# Erie, PA



## farleysd (Apr 18, 2011)

I was wondering if anyone was going to the shows in Erie Pennsylvania this coming weekend?

Terry
Farleys D
"One must first BUILD a house before they can paint it"


----------



## Streetcar (Apr 13, 2014)

Oh, I wish, I wish....

Out here in NorCal we have two of the few remaining benched shows on the 30-31 Jan weekend, and I will attend one of the days. Need to go remind myself which day has the greater overall Poodle entry, though know full well entry does not equal attendance. Indio is of course our big January draw these days.

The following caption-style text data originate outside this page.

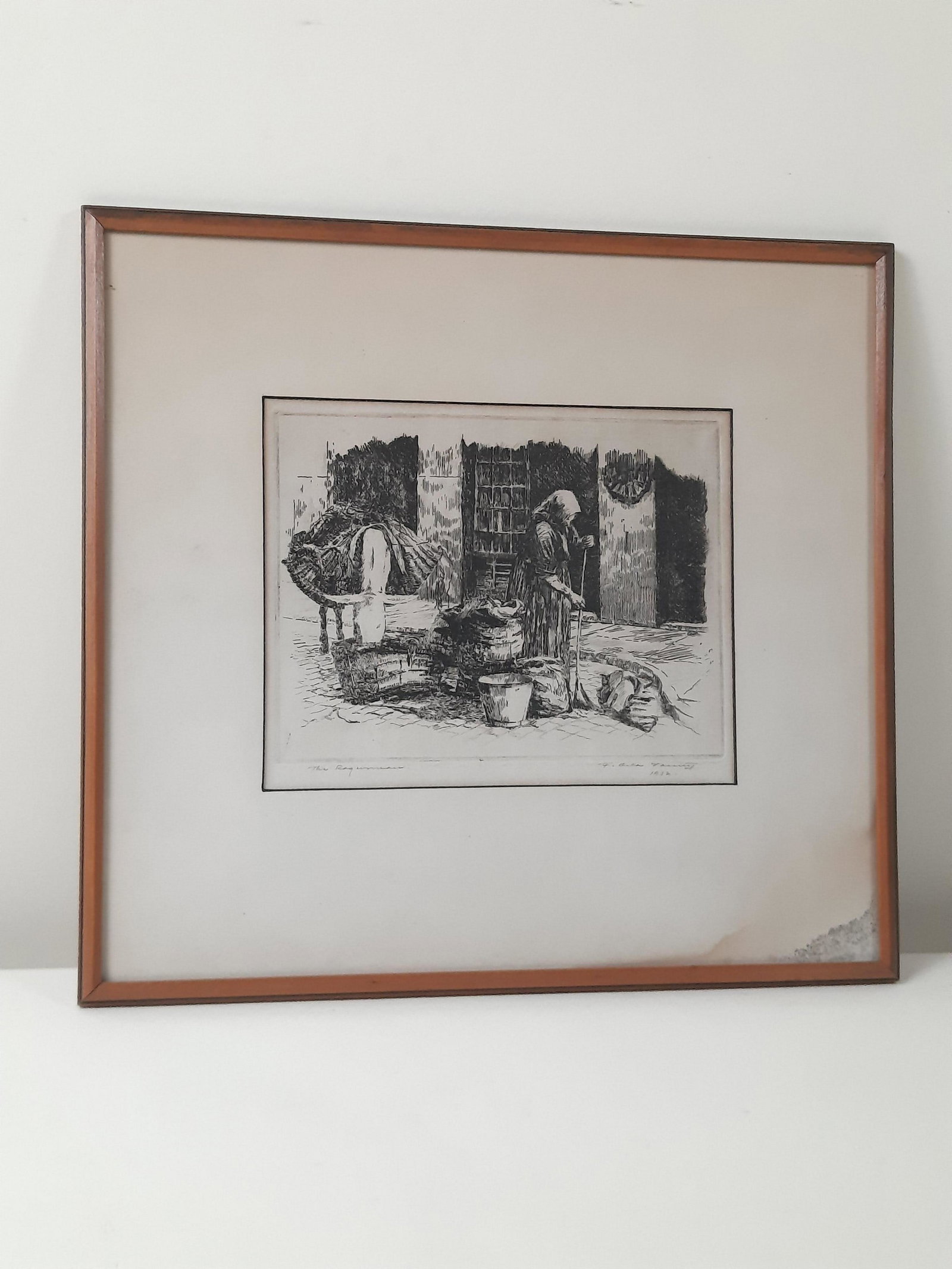 Signed "The Rag Woman" Print: Signature indecipherable. Dated 1932. Overall with frame 13-1/4" high x 14-1/4" wide. IMPORTANT: Before bidding, please read the terms and conditions. When you registered for the auction you agreed to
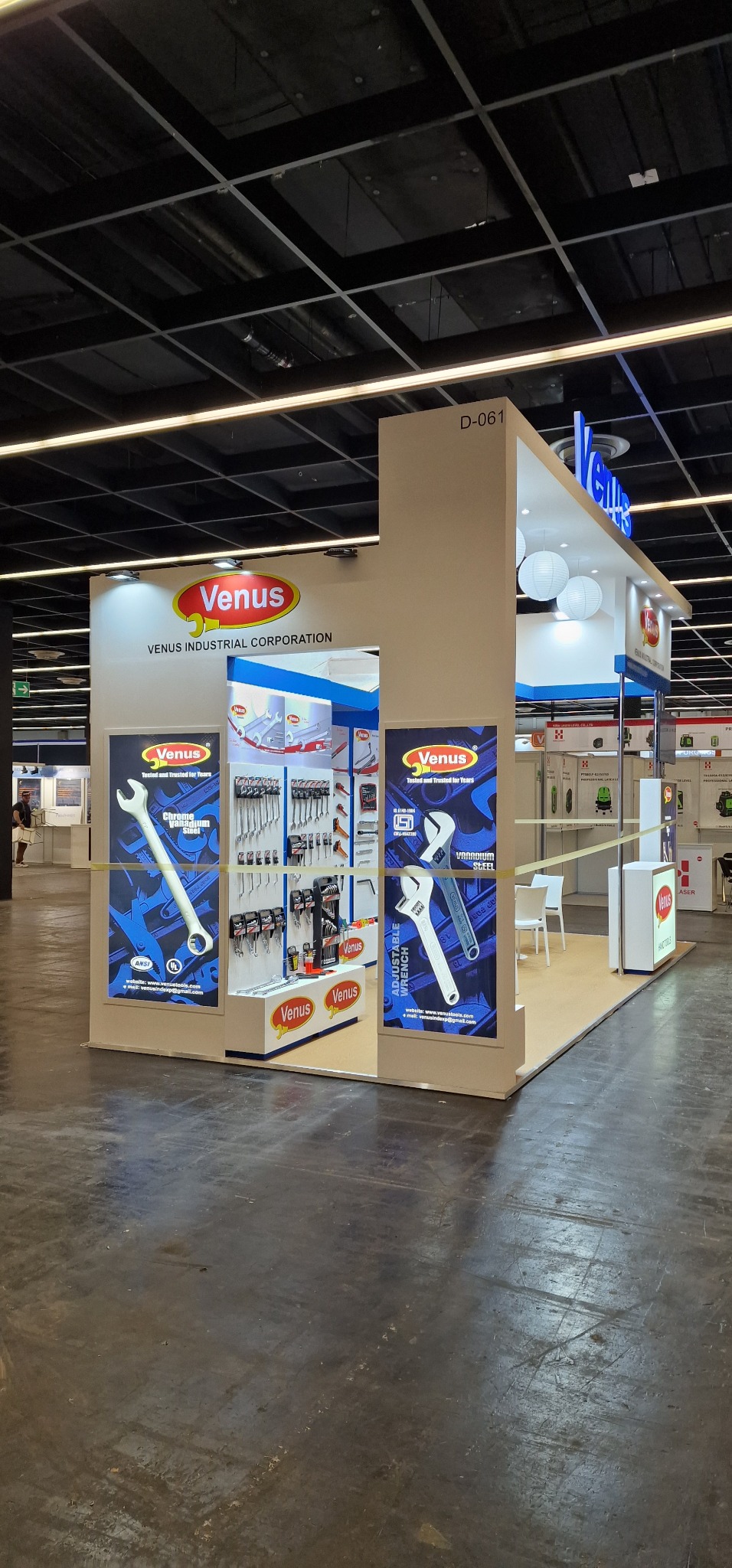 Stoisko targowe firmy Venus Industrial Corporation z narzędziami, prezentujące klucze nastawne i inne narzędzia, oświetlone kulistymi lampami, z numerem stoiska D-061.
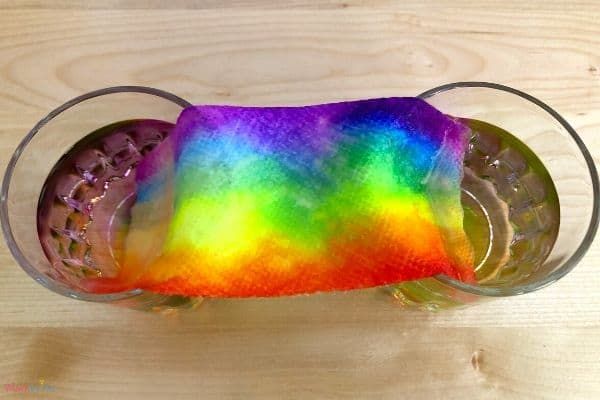 a rainbow paper towel between two glasses of water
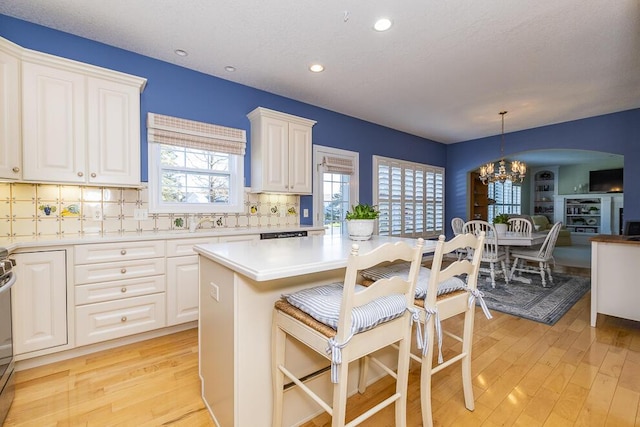 kitchen featuring tasteful backsplash, white cabinets, light wood-style flooring, and a kitchen bar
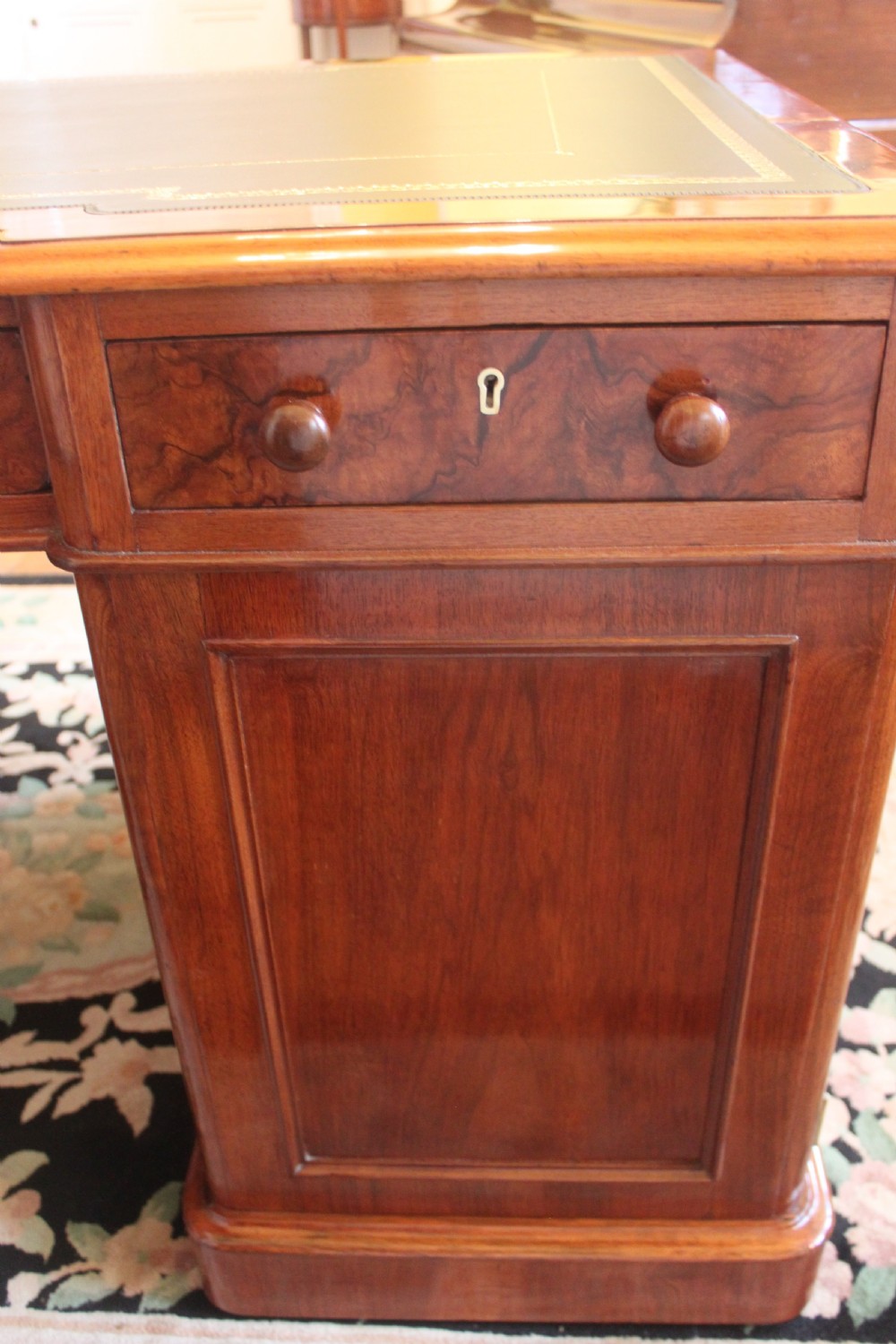 A Victorian burr walnut partners desk with a green leather inset writing top, twin pedestals containing multiple drawers with turned wooden handles, resting on plinth bases. View XVIII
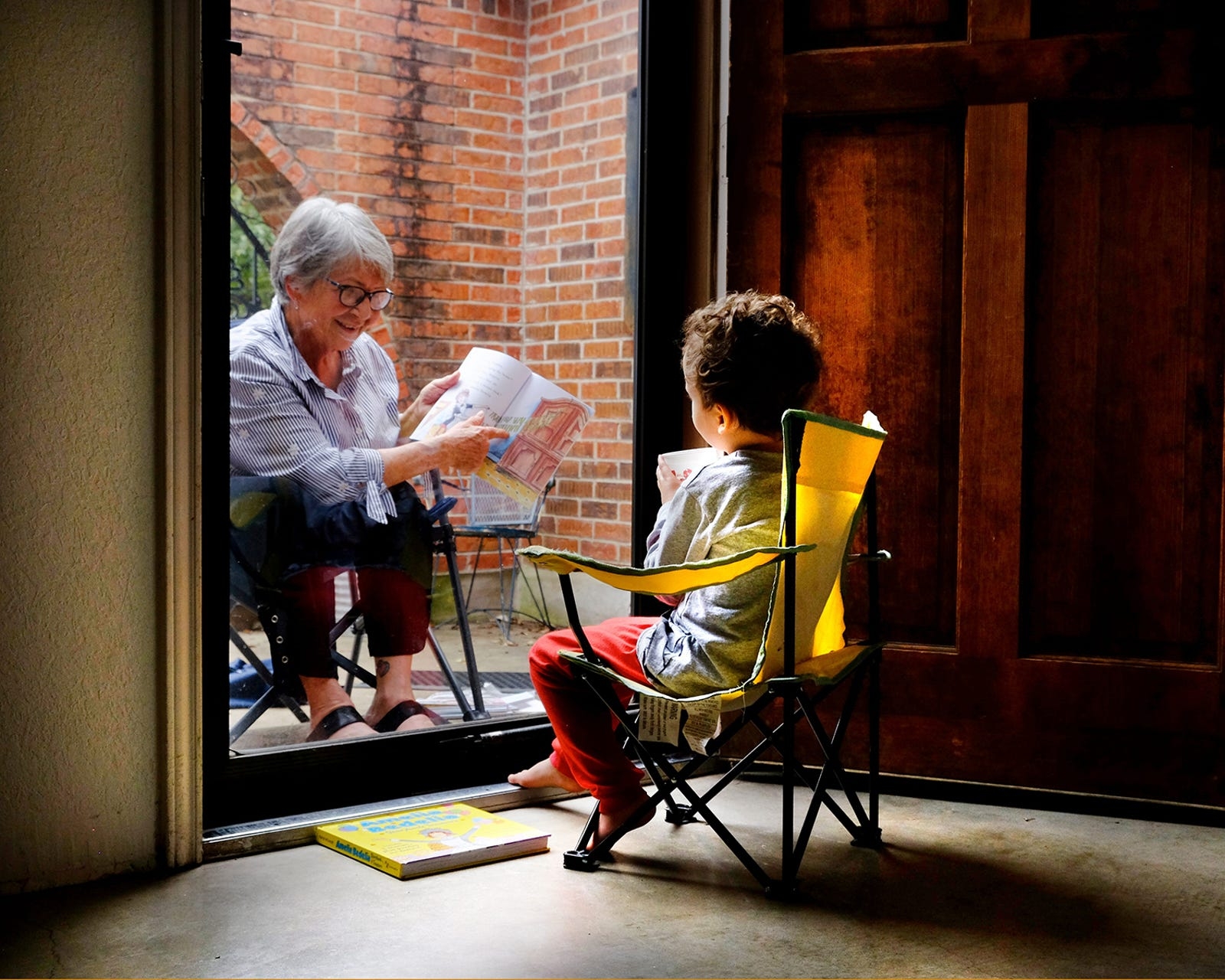 boy and grandma on opposite sides of glass door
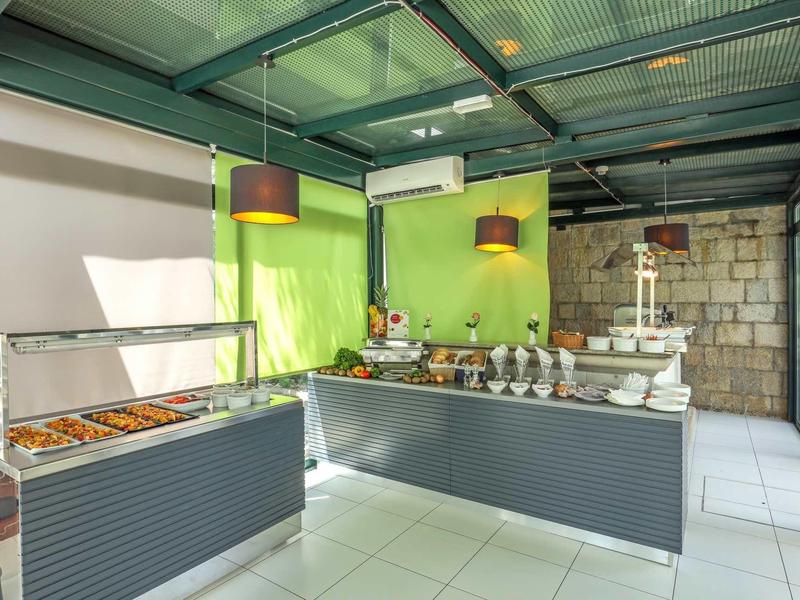 Strefa bufetu z oświetlonymi lampami i różnorodnymi potrawami w nowoczesnym otoczeniu.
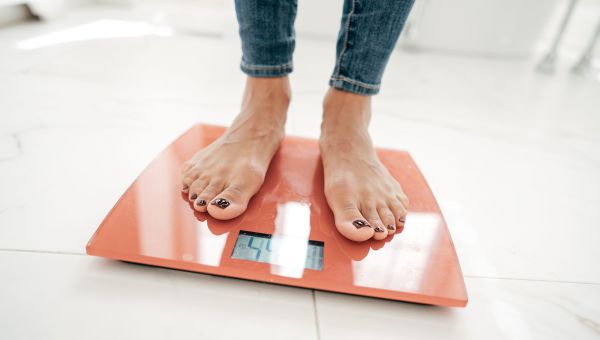 woman weighing herself on scale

Wishing you well, Terry, and many to clap for you -- I'll do it from a distance. Wish I could at least come help hold or something .


----------



## farleysd (Apr 18, 2011)

Thanks Streetcar! Enjoy the shows in CA, Benched shows are a so rare anymore, but it is nice to get to see all the dogs. 

I love the Erie shows, nice show site, nice people. and I WILL need luck!


----------



## Mfmst (Jun 18, 2014)

Good luck then! I would love to see some pictures of your Poodles, hint, hint. Whenever I read your signature line about building the house first, I always nod my head in agreement.


----------



## farleysd (Apr 18, 2011)

Thanks MFMST; I will need all the luck possible, by girl only needs a major to finish, the competition will be tough, many beautiful poodles, and top competitors! 

I know I need to post pictures, but I am so bad with some of the technology. I know I must learn!


----------



## Mfmst (Jun 18, 2014)

I have trouble posting pictures too. When she crushes it, have someone help you post her victory shot


----------



## Countryboy (May 16, 2011)

Here's a start, Terry... paper clips are an interesting feature in any reply box. 'Cos they Attach things! 

Click on the paper clip and the pop-up to the left will appear. Click on a Browse button and find your pix in your machine. Best of luck.

Oh, and break a leg, eh?


----------



## farleysd (Apr 18, 2011)

thank you Countryboy, I will give it a try once I come back from the shows.


----------